[Extracted entries]
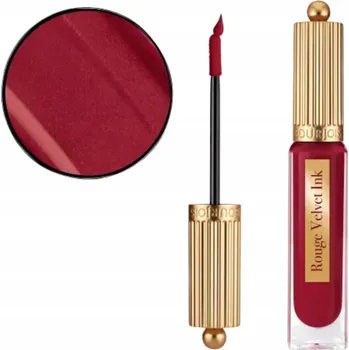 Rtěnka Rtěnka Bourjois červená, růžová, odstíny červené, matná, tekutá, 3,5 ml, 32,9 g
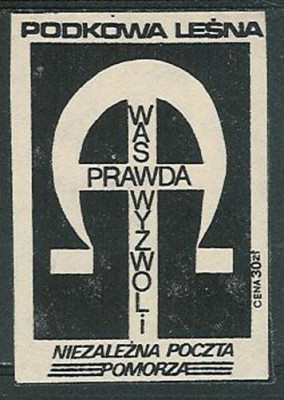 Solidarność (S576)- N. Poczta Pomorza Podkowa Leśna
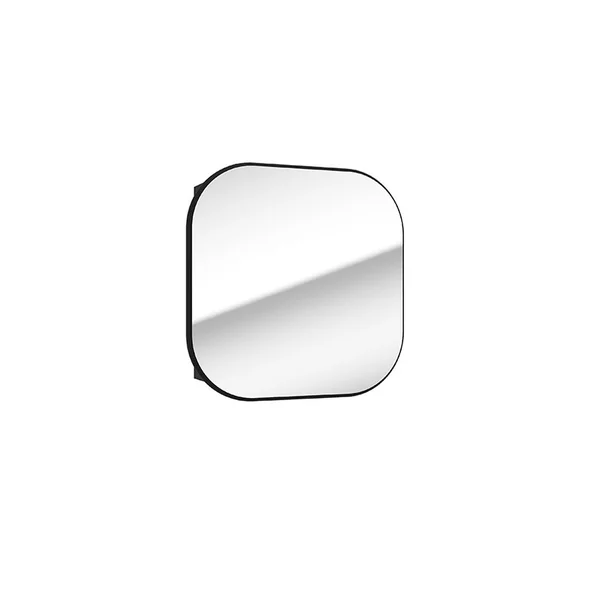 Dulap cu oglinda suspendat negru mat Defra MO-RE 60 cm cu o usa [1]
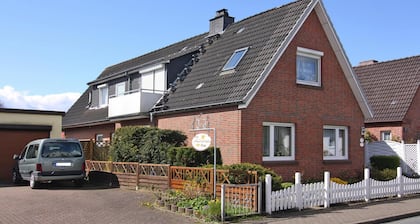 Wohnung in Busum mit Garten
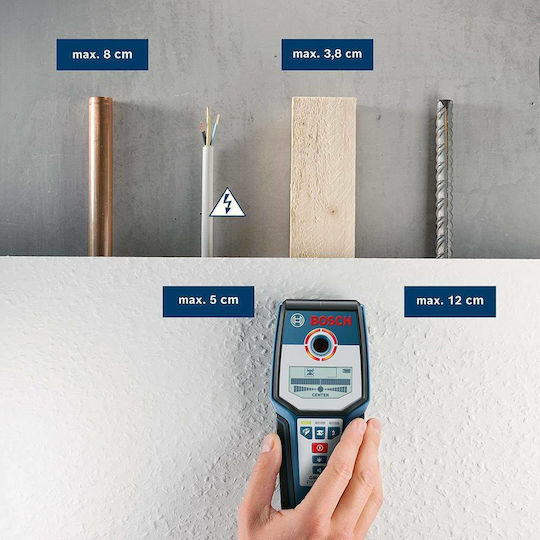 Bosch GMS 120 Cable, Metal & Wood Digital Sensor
[/Extracted entries]
[Extracted entries]
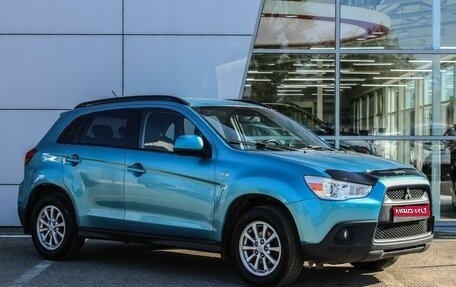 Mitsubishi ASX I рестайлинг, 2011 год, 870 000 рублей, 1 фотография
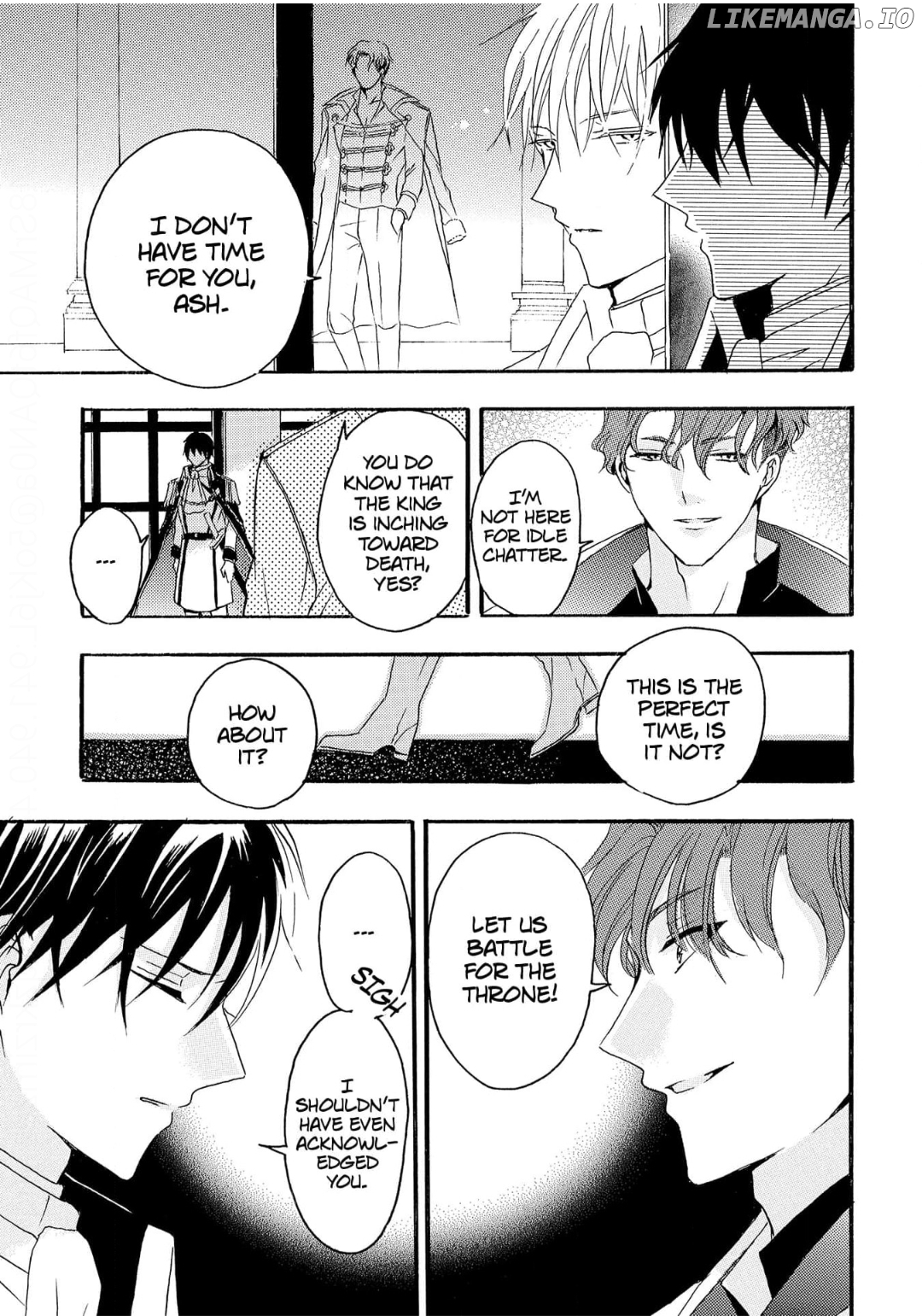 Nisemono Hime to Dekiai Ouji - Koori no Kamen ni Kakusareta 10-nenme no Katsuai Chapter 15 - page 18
[/Extracted entries]
- What needs to be done
Using the records above, print exactly the lines between the ones containing "Solidarność (S576)- N." and "Bosch GMS 120", inclusive, and nothing else; no pictures.

- Written response
 Solidarność (S576)- N. Poczta Pomorza Podkowa Leśna
 Dulap cu oglinda suspendat negru mat Defra MO-RE 60 cm cu o usa [1]
 Wohnung in Busum mit Garten
 Bosch GMS 120 Cable, Metal & Wood Digital Sensor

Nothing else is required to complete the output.